After a day of exploring by truck, we (I) decided to do some hikes. (I was really tired of Dave's suspension bouncing me around aaaaalllll day loooong) Dave's done a few hikes in Arches, but we (I) decided he needed to see more. He hadn't been to the Windows, my favorite, or Park Avenue, so that's what we focused on. Park Avenue is one of my favorite hikes because it's usually not crowded and it's a quick two-mile hike to get in on the way home from work or in a free morning.
View of rock formations along Park Avenue. Named for New York's Park Avenue, the canyon walls are huge, tall rock fins of Entrada Sandstone lining a narrow wash. (Entrada is the arch-forming sandstone in Arches, which is home to over 2,000 named arches)
Dark red fins in front of a clear blue sky.
Nefertiti Rock--looks like an Egyptian Queen. What I want to know, is "how did this happen?!"

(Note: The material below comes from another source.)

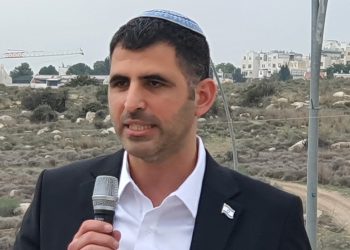 משבר חסר תקדים: קרעי הורה לעובדי משרדו לא לציית לחוות דעת היועצת המשפטית לממשלה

Park Avenue is impressive enough looking up at those huge rock formations, but when you look closer at some of the smaller wonders, it's too much to take in all at once! This Newberry's Twinpod caught my eye in a sandy area of the wash. What usually happens is this: Dave looks at the rock formations and knows in what environment it was deposited and its time period. I look at the ground for tracks and scat, flowers and other cool little things.....
......like this! Crossbedded sandstone making fun patterns on the floor of the wash. Dave walked right over it, so I called him back to "look at the ground."
I've got pictures of some very "cute" tracks in the sandy places of this wash, but I'll save those for another post. Happy hiking!